§ Exercise aim: Find the line with "Palm Angels Spirit Oval Sunglasses Geel" in the records below. Copy it and every line after it, up to and including the line with "Décorts muraux d'étagère".

Brief descriptive captions
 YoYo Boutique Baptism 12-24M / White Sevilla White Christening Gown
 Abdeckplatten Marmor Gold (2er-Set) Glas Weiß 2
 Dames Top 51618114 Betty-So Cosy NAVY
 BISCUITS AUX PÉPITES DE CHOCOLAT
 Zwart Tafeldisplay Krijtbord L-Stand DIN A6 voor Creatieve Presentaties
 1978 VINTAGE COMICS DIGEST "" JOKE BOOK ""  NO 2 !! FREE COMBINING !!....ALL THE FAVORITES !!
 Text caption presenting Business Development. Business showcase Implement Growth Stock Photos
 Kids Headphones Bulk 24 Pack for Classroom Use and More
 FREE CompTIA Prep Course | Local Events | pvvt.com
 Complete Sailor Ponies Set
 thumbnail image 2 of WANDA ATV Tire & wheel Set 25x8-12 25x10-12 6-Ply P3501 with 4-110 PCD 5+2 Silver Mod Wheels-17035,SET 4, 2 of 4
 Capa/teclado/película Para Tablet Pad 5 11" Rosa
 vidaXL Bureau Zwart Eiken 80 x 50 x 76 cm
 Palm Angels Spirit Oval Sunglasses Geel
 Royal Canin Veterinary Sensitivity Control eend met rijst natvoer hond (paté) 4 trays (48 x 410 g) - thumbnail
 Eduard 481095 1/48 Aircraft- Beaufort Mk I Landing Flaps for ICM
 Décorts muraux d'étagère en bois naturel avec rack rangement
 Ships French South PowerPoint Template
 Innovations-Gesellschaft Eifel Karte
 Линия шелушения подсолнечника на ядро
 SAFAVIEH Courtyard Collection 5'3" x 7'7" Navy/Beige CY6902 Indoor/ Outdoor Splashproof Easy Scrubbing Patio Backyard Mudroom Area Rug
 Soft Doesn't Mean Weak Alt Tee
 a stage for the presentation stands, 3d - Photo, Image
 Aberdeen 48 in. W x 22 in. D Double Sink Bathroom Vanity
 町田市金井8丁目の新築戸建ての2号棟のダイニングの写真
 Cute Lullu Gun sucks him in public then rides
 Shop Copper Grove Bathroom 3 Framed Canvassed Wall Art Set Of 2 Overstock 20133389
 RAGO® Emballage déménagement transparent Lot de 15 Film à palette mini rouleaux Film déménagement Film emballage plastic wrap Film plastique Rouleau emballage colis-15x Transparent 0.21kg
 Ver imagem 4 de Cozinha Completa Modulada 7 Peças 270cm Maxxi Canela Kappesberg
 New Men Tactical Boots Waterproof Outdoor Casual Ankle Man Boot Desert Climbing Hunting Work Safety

§ Answer:
 Palm Angels Spirit Oval Sunglasses Geel
 Royal Canin Veterinary Sensitivity Control eend met rijst natvoer hond (paté) 4 trays (48 x 410 g) - thumbnail
 Eduard 481095 1/48 Aircraft- Beaufort Mk I Landing Flaps for ICM
 Décorts muraux d'étagère en bois naturel avec rack rangement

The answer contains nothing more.